The anxieties do not just relate to the criminal justice system. The Select Committee’s report deals in detail with family law, on which the position is equally uncertain and fraught with risk. Important provisions in the Brussels IIa regulation, which deals with divorce and with child residence and contact arrangements, including, very importantly, the issue of child abduction—the unlawful removal of a child from the care of the parent—and in the EU maintenance regulation of 2009 cover matters of jurisdiction of enforcement. They put in place a reciprocal system for mutual recognition of the decisions of each member state’s courts across the European Union.
Again, the Government say that they want a coherent set of common rules that will be clear about which country’s courts can hear a dispute, which country’s laws will apply to resolve it and how judgments should be recognised and enforced across borders after Brexit. However, in relation to family law the process of achieving that remains opaque. For a start, although I assume we will incorporate the provisions of Brussels IIa into UK law under the European Union (Withdrawal) Bill, thus obliging our courts to continue to apply the decisions of the courts of other EU countries, the reciprocal nature of Brussels II means that there will be nothing we can do once we leave the EU to force the courts of those countries to apply the decisions of our courts unless we can make alternative arrangements.
What is more, Brussels IIa is now being renegotiated—upgraded, as it were, and indeed the UK Government have played an active role in those renegotiations—but the changes are unlikely to take effect before Brexit. If we incorporate the Brussels II rules into UK law under the withdrawal Bill, they will quickly, if not almost immediately, be superseded by that later legislation.
In their response to the Select Committee report, the Government acknowledge that we might have to fall back on the arrangements in the Hague and Lugano conventions. Everyone recognises, however, that those conventions are inferior in important respects to the more robust and speedier processes available under Brussels IIa—especially and troublingly in relation to child abduction—which the renegotiation seeks to strengthen further. As the Committee heard in our evidence sessions, the existence of Brussels IIa has meant that there has been less incentive to keep the Hague convention up to date, and because most lawyers have become accustomed to relying on Brussels IIa, there is a lack of experience in applying and using the provisions of the Hague convention.
Furthermore, if Ministers seek to rely on the Hague convention, it is still not clear to me whether the UK will have to ratify it in our own right after Brexit—we participate now by virtue of our European Union membership. Yet the requisite three months’ notice to do so means that time is pressing if we are not to be left with a gap in the more limited protections that the Hague convention can offer in relation to family law.

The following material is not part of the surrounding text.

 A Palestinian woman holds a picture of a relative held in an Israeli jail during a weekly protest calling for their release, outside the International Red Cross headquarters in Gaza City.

I know, as do all my colleagues, that the Minister is well aware of and concerned about both the complexity and the urgency of all these issues. I have to say, however, that the Government response to the Committee’s report is worryingly thin. I join colleagues throughout the House in pressing the Minister to update us on where the Government are with negotiations on Brussels IIa, the maintenance regulation, the Lugano convention and the Hague convention, including the possible Hague re-ratification. Also, what guarantees will she give the House that a seamless system of international judicial co-operation, mutual recognition, and criminal and civil justice measures will be in place, without gaps, to ensure the continuing and vital protection of children at the moment of our exit and in future? I look forward to her detailed response.
It is a pleasure to serve under your chairmanship, Ms Buck.
I pay tribute to the Select Committee and its Chair, the hon. Member for Bromley and Chislehurst (Robert Neill), for their concise, clear and balanced report on how Brexit could impact on criminal and civil justice and the legal industry. I feel like an interloper at a Justice Committee club meeting today, so I shall start by trying to make friends, by congratulating everyone on their excellent speeches and saying that I agree with almost everything that has been said—indeed, I agree with almost everything in the report as well, including the four recommendations that the right hon. Member for Delyn (David Hanson) highlighted, so I will not repeat them.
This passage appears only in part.